Misha: It's great to see an idea evolve from concept to completion and see the tremendous impact it makes. That sometimes painfully slow evolution is also the hardest part, so I keep from getting overwhelmed by taking satisfaction from knowing that I've put countless hardworking staff and volunteers through the ringer to get our goals accomplished. Schadenfreude is a great stress reliever.
@fangirlingjess: Does raising awareness for causes like these become more difficult when there isn't an immediate crisis to respond to?

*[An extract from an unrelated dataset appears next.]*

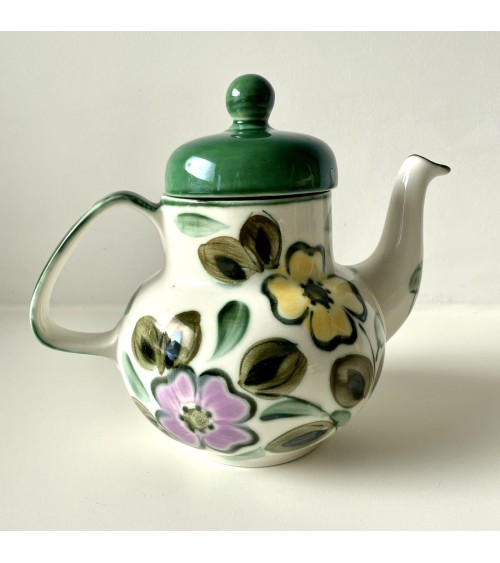 Vintage Coffee pot, Tea pot - Boch - In The Mood Vintage by Kitatori Kitatori.ch - Art and Design Concept Store design switze...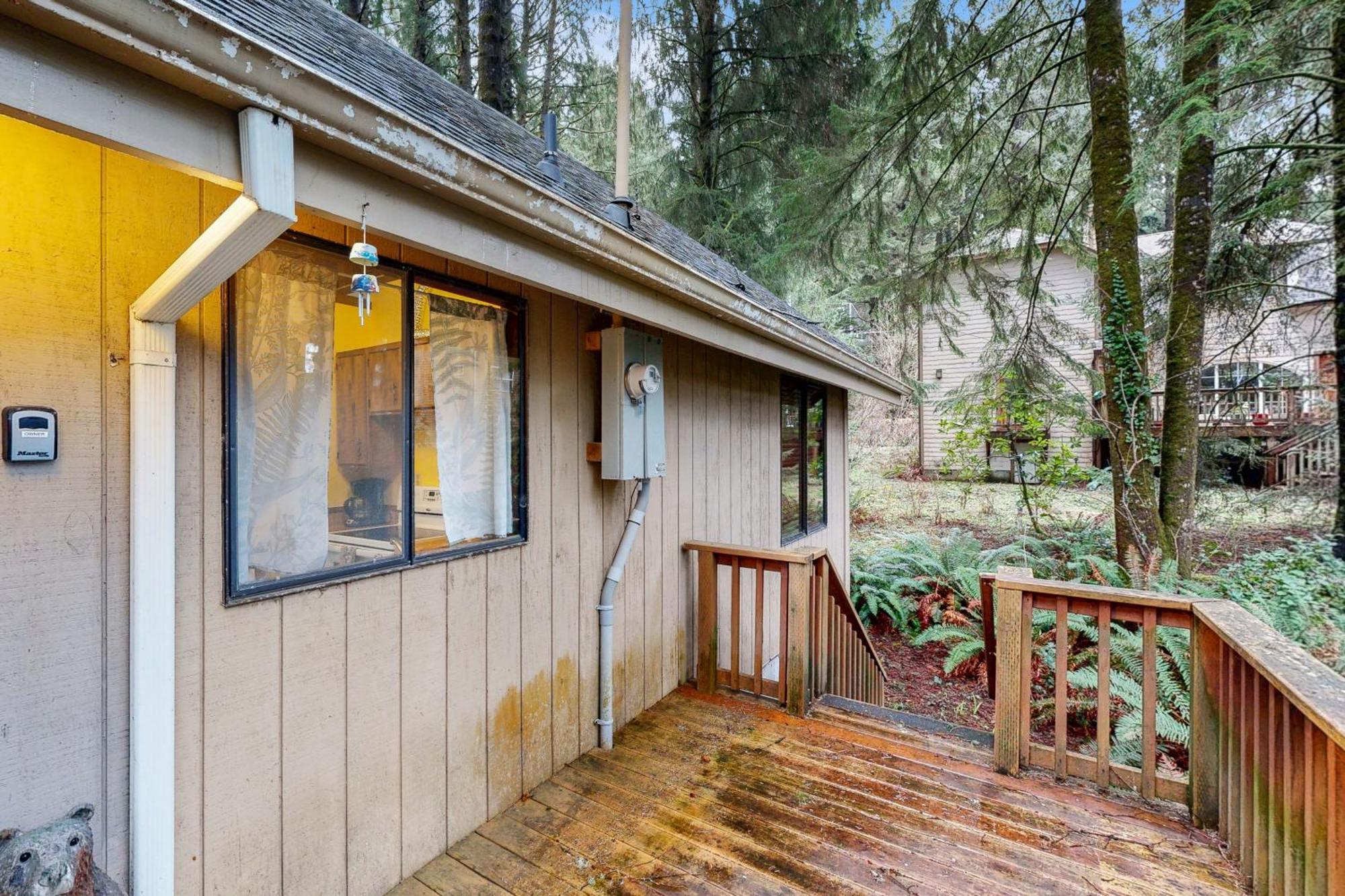 Villa Haystack Hideaway Cannon Beach Exterior foto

Misha: It does. People are incredibly generous, but there are so many causes and issues out there that it can be challenging to keep the momentum going then there's not an immediate crisis, and you need to be careful not to wear people out. Hopefully, people haven't gotten sick of me constantly reminding them of all the good work they're doing, though, because we have a long way to go.
@Castieluk: What was the most valuable lesson you learned from this project & how do you apply the experience to other projects?
Misha: That's a great question. I learned that when you're dealing with a big project, especially one that involves working within other countries, there are a lot of unexpected hurdles and red tape that can really slow you down. It sounds like a big, but direct and easy idea at the outset: "We'll build an orphanage in Haiti!"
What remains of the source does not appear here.